This work presents ThermoMesh, a passive thin-film thermoelectric mesh sensor designed to detect and characterize spatio-temporally sparse heat sources through conduction-based thermal imaging. The device integrates thermoelectric junctions with linear or nonlinear interlayer resistive elements to perform simultaneous sensing and in-sensor compression. We focus on the single-event (1-sparse) operation and define four performance metrics: range, efficiency, sensitivity, and accuracy. Numerical modeling shows that a linear resistive interlayer flattens the sensitivity distribution and improves minimum sensitivity by approximately tenfold for a $16\times16$ mesh. Nonlinear temperature-dependent interlayers further enhance minimum sensitivity at scale: a ceramic negative-temperature-coefficient (NTC) layer over 973-1273K yields a $\sim14{,}500\times$ higher minimum sensitivity than the linear design at a $200\times200$ mesh, while a VO$_2$ interlayer modeled across its metal-insulator transition (MIT) over 298-373K yields a $\sim24\times$ improvement. Using synthetic 1-sparse datasets with white boundary-channel noise at a signal-to-noise ratio of 40dB, the VO$_2$ case achieved $98\%$ localization accuracy, a mean absolute temperature error of $0.23$K, and a noise-equivalent temperature (NET) of $0.07$K. For the ceramic-NTC case no localization errors were observed under the tested conditions, with a mean absolute temperature error of $1.83$K and a NET of $1.49$K. These results indicate that ThermoMesh could enable energy-efficient embedded thermal sensing in scenarios where conventional infrared imaging is limited, such as molten-droplet detection or hot-spot monitoring in harsh environments.

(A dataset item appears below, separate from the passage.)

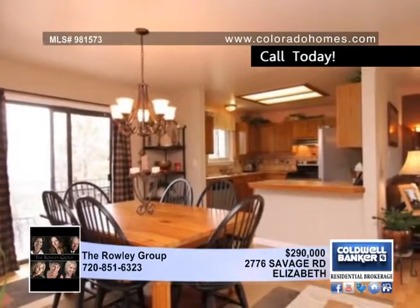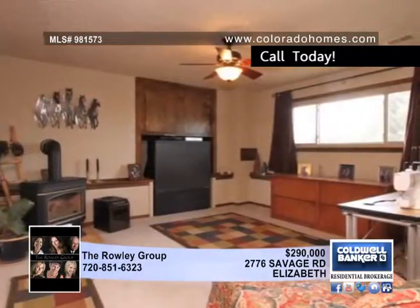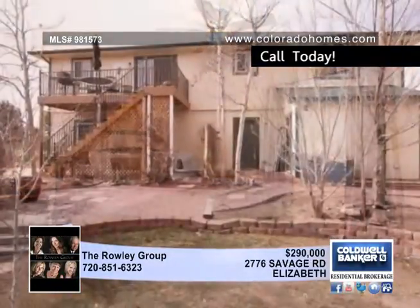This four bedroom, four bath home boasts a remodeled master bath, mother-in-law quarters on the lower level, new carpet and paint. The roof is brand new and there's also new six panel doors and a new Trex deck.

翻译：本文提出ThermoMesh，一种无源薄膜热电网格传感器，旨在通过传导热成像检测并表征时空稀疏热源。该器件将热电结与线性或非线性层间电阻元件集成，实现同步传感与传感器内压缩。我们聚焦于单事件（1-稀疏）操作，并定义四个性能指标：范围、效率、灵敏度和精度。数值模拟表明，对于$16\times16$网格，线性电阻层间结构可平坦化灵敏度分布，并将最小灵敏度提升约十倍。非线性随温度变化的层间结构可进一步扩大规模下的最小灵敏度：在973-1273K范围内，陶瓷负温度系数（NTC）层在$200\times200$网格上的最小灵敏度比线性设计高出约$\sim14{,}500$倍；而VO$_2$层间结构在298-373K范围跨越其金属-绝缘体转变（MIT）建模时，最小灵敏度提升约$\sim24$倍。利用信噪比为40dB、含白边界信道噪声的合成1-稀疏数据集，VO$_2$案例实现了$98\%$的定位精度、$0.23$K的平均绝对温度误差和$0.07$K的噪声等效温度（NET）。对于陶瓷-NTC案例，在测试条件下未观察到定位误差，平均绝对温度误差为$1.83$K，NET为$1.49$K。这些结果表明，在传统红外成像受限的场景（如熔滴检测或恶劣环境下的热点监测）中，ThermoMesh可实现高能效的嵌入式热传感。